Katherine O'Dell is an Irish theater legend. As her daughter, Norah,
retraces her mother's celebrated career and bohemian life, she delves
into long-kept secrets, both her mother's and her own. Katherine began
her career on Ireland's bus-and-truck circuit before making it to
London's West End, Broadway, and finally Hollywood. Every moment of her
life is a performance, with young Norah standing in the wings. But the
mother-daughter romance cannot survive Katherine's past or the world's
damage. With age, alcohol, and dimming stardom, Katherine's grip on
reality grows fitful. Fueled by a proud and long-simmering rage, she
commits a bizarre crime.
As Norah's role gradually changes to Katherine's protector, caregiver,
and finally legacy-keeper, she revisits her mother's life of fiercely
kept secrets; and Norah reveals in turn the secrets of her own sexual
and emotional coming-of-age story. Her narrative is shaped by three
braided searches--for her father's identity; for her mother's motive in
donning a Chanel suit one morning and shooting a TV producer in the
foot; and her own search for a husband, family, and work she loves.
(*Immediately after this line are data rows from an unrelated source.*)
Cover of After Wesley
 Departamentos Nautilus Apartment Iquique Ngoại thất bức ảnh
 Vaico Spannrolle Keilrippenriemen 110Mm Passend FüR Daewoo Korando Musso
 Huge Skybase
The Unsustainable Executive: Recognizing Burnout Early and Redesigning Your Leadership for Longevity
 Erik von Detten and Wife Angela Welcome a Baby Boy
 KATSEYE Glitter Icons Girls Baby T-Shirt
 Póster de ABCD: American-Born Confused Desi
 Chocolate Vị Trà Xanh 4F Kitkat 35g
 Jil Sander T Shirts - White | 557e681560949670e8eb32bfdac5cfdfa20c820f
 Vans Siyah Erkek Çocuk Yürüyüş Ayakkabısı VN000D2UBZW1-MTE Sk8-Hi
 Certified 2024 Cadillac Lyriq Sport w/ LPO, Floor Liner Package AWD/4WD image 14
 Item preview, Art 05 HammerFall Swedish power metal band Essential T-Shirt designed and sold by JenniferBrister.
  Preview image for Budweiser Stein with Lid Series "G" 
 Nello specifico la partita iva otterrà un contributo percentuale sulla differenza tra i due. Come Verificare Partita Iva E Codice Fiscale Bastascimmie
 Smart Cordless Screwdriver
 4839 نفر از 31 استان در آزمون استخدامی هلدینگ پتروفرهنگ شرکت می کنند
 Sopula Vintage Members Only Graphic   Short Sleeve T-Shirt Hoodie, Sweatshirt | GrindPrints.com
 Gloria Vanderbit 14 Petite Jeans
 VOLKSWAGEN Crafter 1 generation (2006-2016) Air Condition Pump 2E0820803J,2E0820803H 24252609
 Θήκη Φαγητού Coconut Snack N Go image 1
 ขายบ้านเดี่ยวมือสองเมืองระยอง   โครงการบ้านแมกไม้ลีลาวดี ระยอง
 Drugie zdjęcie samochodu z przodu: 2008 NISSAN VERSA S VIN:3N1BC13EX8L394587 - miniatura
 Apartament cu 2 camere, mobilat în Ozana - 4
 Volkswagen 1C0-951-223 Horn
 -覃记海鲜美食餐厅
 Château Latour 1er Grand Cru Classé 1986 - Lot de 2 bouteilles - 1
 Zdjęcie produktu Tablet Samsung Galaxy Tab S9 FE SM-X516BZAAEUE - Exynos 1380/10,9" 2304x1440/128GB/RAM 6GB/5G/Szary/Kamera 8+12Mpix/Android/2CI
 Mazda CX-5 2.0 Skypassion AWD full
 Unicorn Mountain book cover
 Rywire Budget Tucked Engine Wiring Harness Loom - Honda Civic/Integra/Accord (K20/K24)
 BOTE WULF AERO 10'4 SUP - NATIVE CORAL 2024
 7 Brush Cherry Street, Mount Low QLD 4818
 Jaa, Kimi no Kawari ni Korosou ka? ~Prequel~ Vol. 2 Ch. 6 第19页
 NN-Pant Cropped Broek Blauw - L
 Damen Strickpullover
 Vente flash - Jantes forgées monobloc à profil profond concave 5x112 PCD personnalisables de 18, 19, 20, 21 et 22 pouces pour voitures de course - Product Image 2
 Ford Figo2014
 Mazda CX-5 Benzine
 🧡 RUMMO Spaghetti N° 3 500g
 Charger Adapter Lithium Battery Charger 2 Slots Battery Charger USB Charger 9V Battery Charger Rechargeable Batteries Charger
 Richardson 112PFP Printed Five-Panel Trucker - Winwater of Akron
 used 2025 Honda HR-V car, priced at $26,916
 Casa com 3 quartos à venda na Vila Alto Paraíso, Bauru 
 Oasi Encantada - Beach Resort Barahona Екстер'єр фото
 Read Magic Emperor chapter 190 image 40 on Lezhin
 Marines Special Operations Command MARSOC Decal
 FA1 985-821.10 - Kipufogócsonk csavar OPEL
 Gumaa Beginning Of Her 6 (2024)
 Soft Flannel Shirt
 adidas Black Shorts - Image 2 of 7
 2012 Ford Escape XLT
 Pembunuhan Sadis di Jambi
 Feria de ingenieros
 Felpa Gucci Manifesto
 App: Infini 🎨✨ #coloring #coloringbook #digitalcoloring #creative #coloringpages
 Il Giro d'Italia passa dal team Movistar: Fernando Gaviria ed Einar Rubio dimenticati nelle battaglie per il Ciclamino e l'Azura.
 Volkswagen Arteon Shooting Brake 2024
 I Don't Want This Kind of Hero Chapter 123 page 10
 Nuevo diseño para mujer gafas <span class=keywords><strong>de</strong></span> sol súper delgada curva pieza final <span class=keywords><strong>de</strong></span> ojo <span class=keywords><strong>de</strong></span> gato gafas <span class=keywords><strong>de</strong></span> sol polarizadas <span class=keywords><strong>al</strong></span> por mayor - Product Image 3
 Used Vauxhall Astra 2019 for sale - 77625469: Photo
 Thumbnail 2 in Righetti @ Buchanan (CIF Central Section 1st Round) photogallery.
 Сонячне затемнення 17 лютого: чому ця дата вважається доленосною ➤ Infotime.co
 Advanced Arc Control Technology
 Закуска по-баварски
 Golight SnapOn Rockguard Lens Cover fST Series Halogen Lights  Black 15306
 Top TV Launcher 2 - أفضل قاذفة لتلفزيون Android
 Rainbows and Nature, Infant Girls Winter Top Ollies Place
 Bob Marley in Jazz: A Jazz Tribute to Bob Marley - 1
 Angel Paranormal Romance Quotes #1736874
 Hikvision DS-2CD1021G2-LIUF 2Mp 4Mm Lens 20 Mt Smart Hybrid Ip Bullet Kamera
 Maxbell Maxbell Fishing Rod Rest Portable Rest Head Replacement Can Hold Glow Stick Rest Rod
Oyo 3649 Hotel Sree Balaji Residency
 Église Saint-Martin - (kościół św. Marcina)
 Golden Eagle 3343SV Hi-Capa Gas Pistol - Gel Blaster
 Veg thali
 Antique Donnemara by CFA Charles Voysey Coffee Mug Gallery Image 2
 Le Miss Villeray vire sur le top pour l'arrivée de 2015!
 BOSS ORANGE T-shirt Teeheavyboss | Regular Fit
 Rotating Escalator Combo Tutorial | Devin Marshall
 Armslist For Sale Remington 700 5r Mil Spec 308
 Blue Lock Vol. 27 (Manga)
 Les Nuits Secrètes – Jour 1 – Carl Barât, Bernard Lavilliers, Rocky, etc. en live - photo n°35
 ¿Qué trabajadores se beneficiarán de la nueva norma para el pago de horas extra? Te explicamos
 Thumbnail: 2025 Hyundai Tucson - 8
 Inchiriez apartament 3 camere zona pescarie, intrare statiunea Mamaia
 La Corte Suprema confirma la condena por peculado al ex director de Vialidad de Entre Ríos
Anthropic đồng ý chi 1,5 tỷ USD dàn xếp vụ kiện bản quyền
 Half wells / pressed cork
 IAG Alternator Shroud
Bringing to life two generations of women with difficult sexual
histories, both assaulted and silenced, both finding--or failing to
find--their powers of recovery, Actress touches a raw and timely
nerve. With virtuosic storytelling and in prose at turns lyrical and
knife-sharp, Enright takes readers to the heart of the maddening yet
tender love that binds a mother and daughter.